[Problem to solve]
Retype only what runs from the first line of the records to the line with "The client is", inclusive, and no pictures.

[Data for processing]
- - -
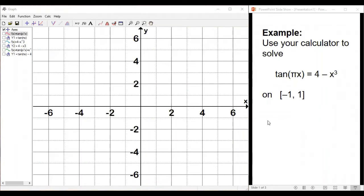For the example we'll be looking at, we're going to use our calculator to solve the equation tangent of pi x equals 4 minus x cubed, and we're going to solve this on the interval from negative 1 to 1. My graphing calculator has decided it no longer wants to function and its replacement has not arrived yet, so we're going to be looking at the graphs in a graphing program called Graph — it's a free download. My expectation is you'll be using your calculator, and I'll show you how to do the new stuff with your calculator.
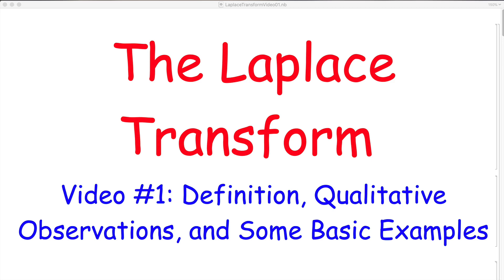This is the first of a series of videos on the Laplace transform, where I emphasize graphical interpretations in addition to symbolic calculations. In video number one, we're going to look at the definition of the Laplace transform, make some qualitative observations, and work through some basic examples.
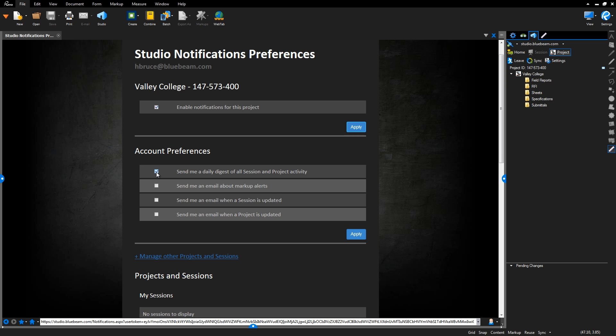And that's it! We went over the basics of Studio Projects, a tool for hosting files and folders in the cloud, and sharing them with team members and project partners. To learn more about Studio Sessions, our real-time collaboration solution, visit bluebeam.com/studio.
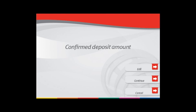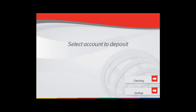The client is required to confirm the check amount. The client selects the account he or she wants the money deposited in.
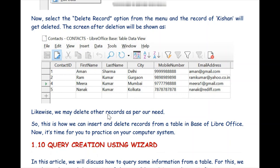In this particular video we have learned how to insert various records into a table and how to delete records from an existing table. In the next videos we will discuss query creation using the wizard. Thank you for watching.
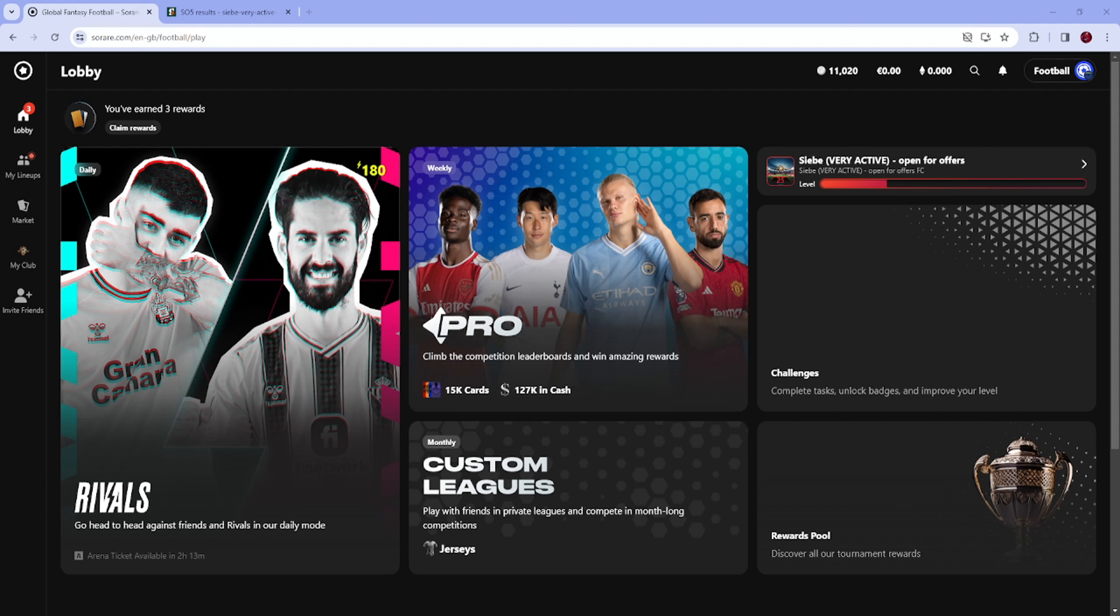What's up guys, welcome to the channel. Today we're looking at the result of the weekend and we've earned three rewards as you can see, which includes Sorare coins, a limited card, and thresholds.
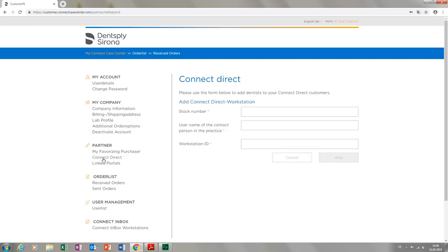Here, labs that have purchased a Connect Acquisition Unit, which they have then made available to a particular dental practice, can determine that all scanned cases transmitted via the Connect Case Center portal will be sent exclusively to the lab that has provided the acquisition unit. We move on to the next option, Linked Portals.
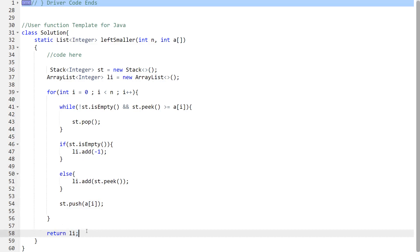I hope the logic and implementation are clear. I've provided the code in the description, so refer to it if you have any doubts. Thank you so much for watching. Bye-bye.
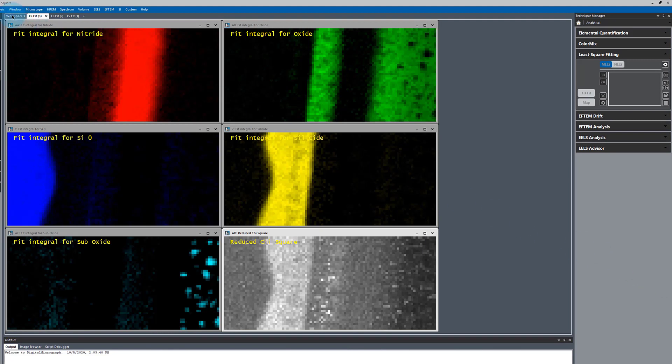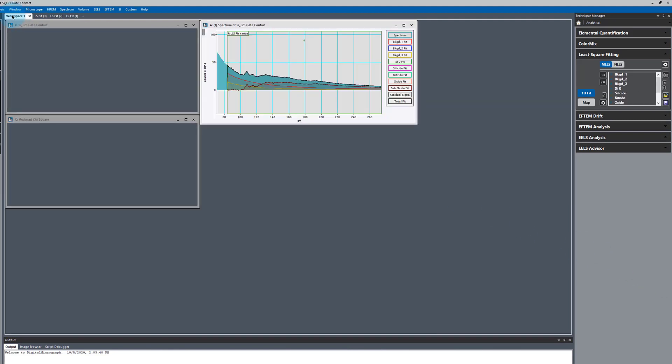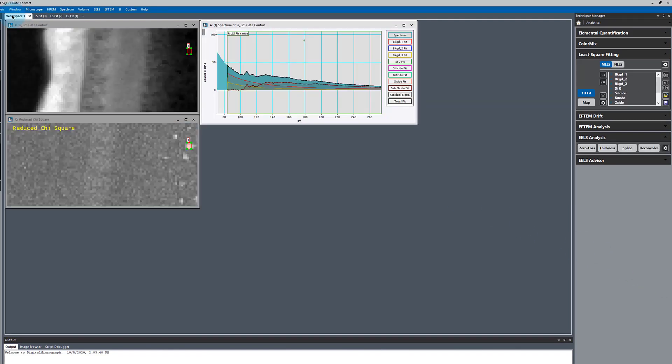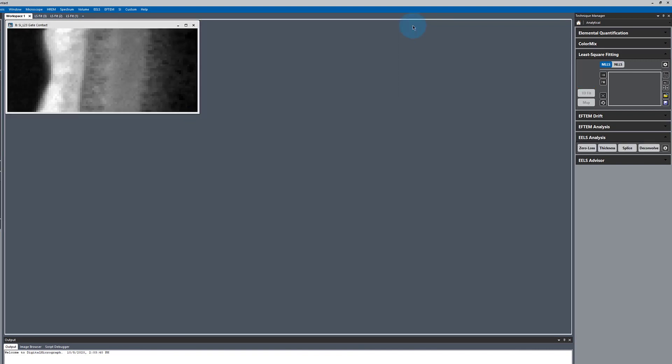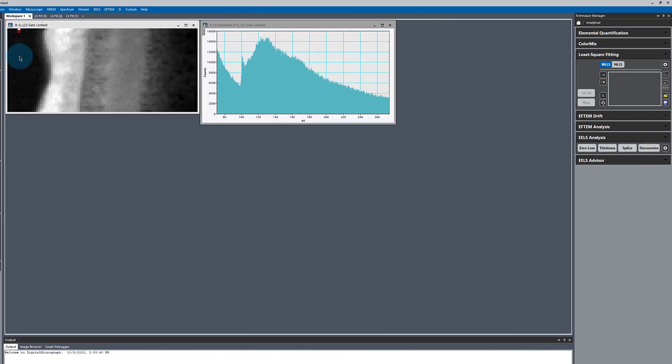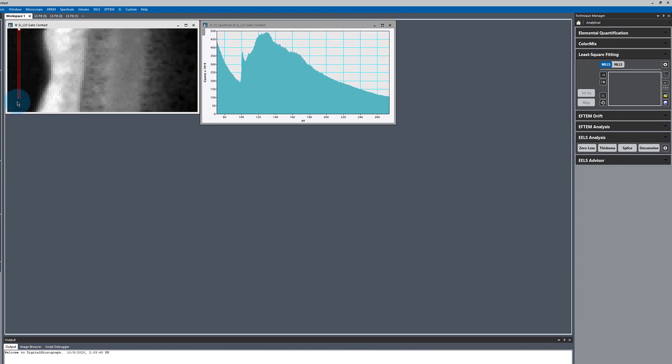Let's explore a couple other options. I'm going to go back to my data and get rid of this chi-squared. So I'm holding down the Alt key when I click the X.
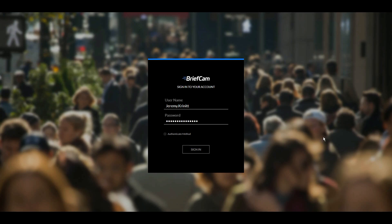BriefCam provides the ability to take video and make it searchable, quantifiable, and actionable. We're going to walk through how we accomplish that today.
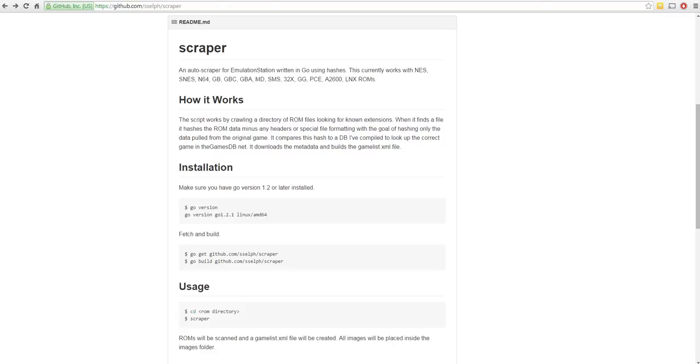Ok, this video is going to show a really useful update from SSelf's Scraper. This is used quite a lot by people with RetroPies to get the data for their ROMs including the thumbnail image, the description of the game, the metadata like how many players, the release year, the publisher and that sort of thing. As well as getting the correct name for the ROM rather than the file name. So it really cleans up the display in emulation station.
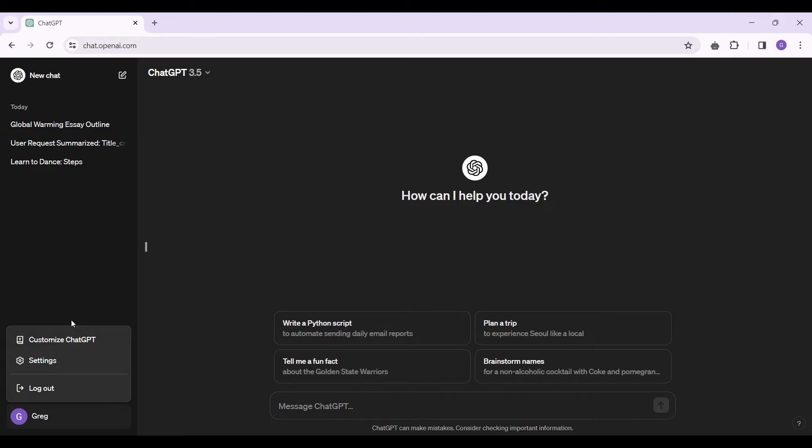From here, you can customize ChatGPT, go to settings, or log out. For now, we want to go to settings, so let's click on it.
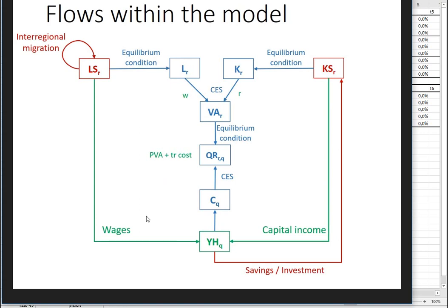The model itself is recursive dynamic, which means that we have different time periods and within one time period the model will behave as a static model. The static time periods are then connected through investment, capital accumulation and inter-regional migration.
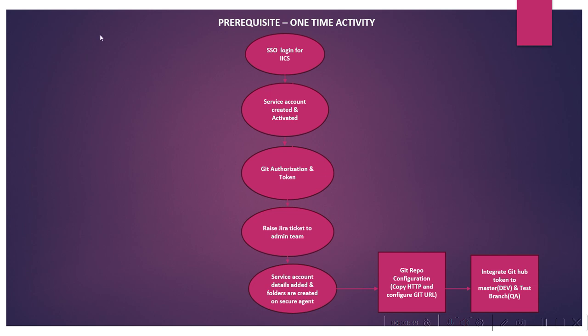Next is the prerequisites - one-time activity. Interviewers might ask what one-time activities you handled in your real-time project. The answer is: first, we have SSO login for IACS, then IACS service account is created and activated. After that, we have to raise a Jira ticket to the admin team for Git authorization and token.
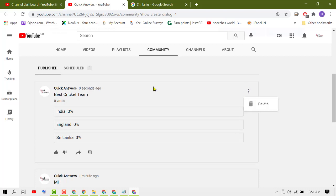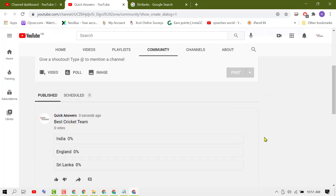And also you can delete this poll by pressing these three dots and then Delete. So like this you can create and make a poll on YouTube. Thanks for watching.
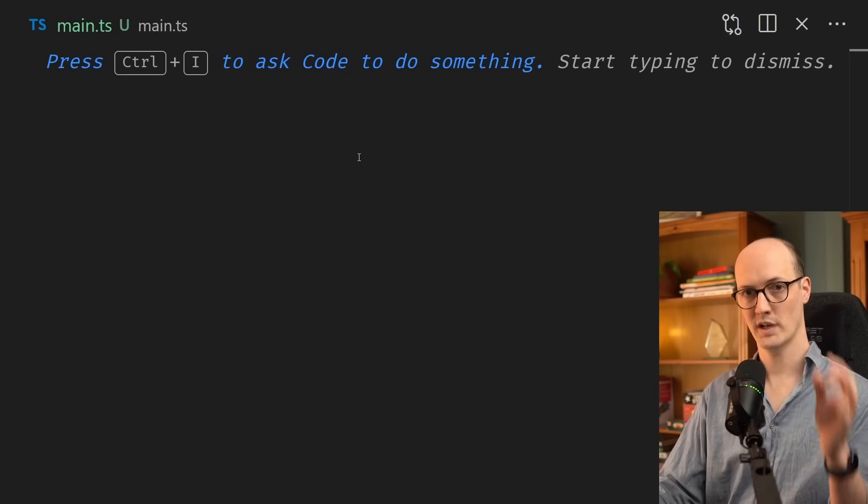I'm going to show you the simplest way you can set up an MCP server. We're going to create an MCP server, connect it to Claude Code, and then we can use our server to run any script we want. And we're going to do this all with a single TypeScript file and no build step.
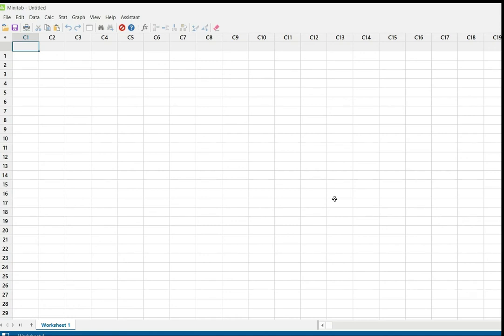Welcome to Rahwa International Statistical Institute. Today we will see how to check normal distribution by using Minitab.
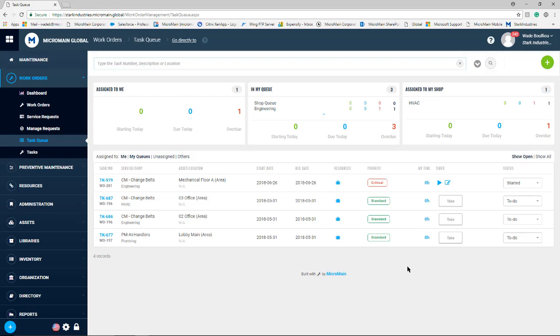all labor associated with HVAC would be associated with the HVAC shop queue. And in that case, any user logging in is going to see a take button on their tasks, which means they have not had it specifically assigned to them, but it is available for them to pick up at any time.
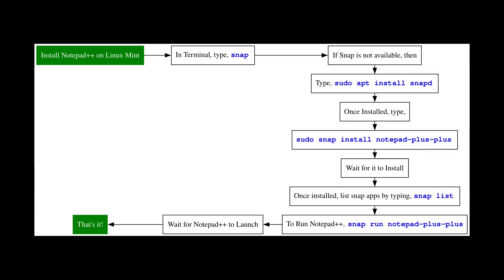In this video we'll learn how you can install Notepad++ on Linux Mint. It's pretty simple, requires a few steps, and we will use a package called snap.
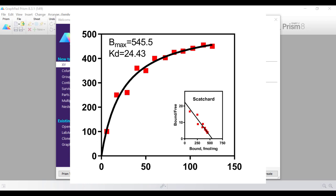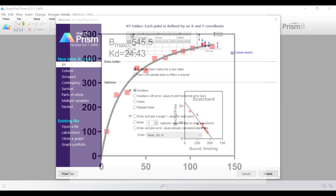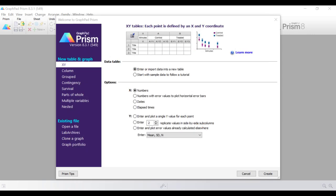Here there are two graphs from a pharmacokinetic experiment. The main graph presents saturation binding data and the smaller graph in the lower right corner presents a scatterplot of the same data. Combining graphs in this way can be useful when you want to plot related data onto the same graph. So let's go into Prism and begin the tutorial.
- - -
[Problem solution]
For the example we'll be looking at, we're going to use our calculator to solve the equation tangent of pi x equals 4 minus x cubed, and we're going to solve this on the interval from negative 1 to 1. My graphing calculator has decided it no longer wants to function and its replacement has not arrived yet, so we're going to be looking at the graphs in a graphing program called Graph — it's a free download. My expectation is you'll be using your calculator, and I'll show you how to do the new stuff with your calculator.
This is the first of a series of videos on the Laplace transform, where I emphasize graphical interpretations in addition to symbolic calculations. In video number one, we're going to look at the definition of the Laplace transform, make some qualitative observations, and work through some basic examples.
And that's it! We went over the basics of Studio Projects, a tool for hosting files and folders in the cloud, and sharing them with team members and project partners. To learn more about Studio Sessions, our real-time collaboration solution, visit bluebeam.com/studio.
The client is required to confirm the check amount. The client selects the account he or she wants the money deposited in.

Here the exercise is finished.